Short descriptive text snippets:
[Start of Attachment]

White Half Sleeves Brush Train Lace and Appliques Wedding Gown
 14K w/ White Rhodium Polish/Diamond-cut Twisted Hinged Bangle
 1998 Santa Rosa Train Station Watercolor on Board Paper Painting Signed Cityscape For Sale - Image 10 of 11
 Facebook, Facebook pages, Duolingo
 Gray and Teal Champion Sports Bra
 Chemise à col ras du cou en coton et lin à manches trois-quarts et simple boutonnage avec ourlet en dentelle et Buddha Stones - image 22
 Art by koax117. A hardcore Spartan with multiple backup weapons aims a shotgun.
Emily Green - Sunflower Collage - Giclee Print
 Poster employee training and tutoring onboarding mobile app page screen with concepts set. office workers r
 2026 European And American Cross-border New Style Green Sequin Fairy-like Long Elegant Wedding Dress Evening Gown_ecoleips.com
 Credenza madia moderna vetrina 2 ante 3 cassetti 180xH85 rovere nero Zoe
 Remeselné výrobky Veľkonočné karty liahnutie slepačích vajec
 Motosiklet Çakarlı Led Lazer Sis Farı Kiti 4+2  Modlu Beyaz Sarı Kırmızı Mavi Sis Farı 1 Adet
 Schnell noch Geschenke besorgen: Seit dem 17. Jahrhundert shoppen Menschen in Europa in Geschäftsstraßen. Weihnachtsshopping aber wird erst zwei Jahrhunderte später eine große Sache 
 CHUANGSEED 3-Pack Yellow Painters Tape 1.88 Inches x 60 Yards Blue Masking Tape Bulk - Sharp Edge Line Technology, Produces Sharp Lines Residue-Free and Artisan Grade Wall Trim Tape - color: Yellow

[End of Attachment]

Beginning at the line above with "Emily Green - Sunflower" and finishing at the line with "Remeselné výrobky Veľkonočné", return each line exactly and return nothing else.

Emily Green - Sunflower Collage - Giclee Print
 Poster employee training and tutoring onboarding mobile app page screen with concepts set. office workers r
 2026 European And American Cross-border New Style Green Sequin Fairy-like Long Elegant Wedding Dress Evening Gown_ecoleips.com
 Credenza madia moderna vetrina 2 ante 3 cassetti 180xH85 rovere nero Zoe
 Remeselné výrobky Veľkonočné karty liahnutie slepačích vajec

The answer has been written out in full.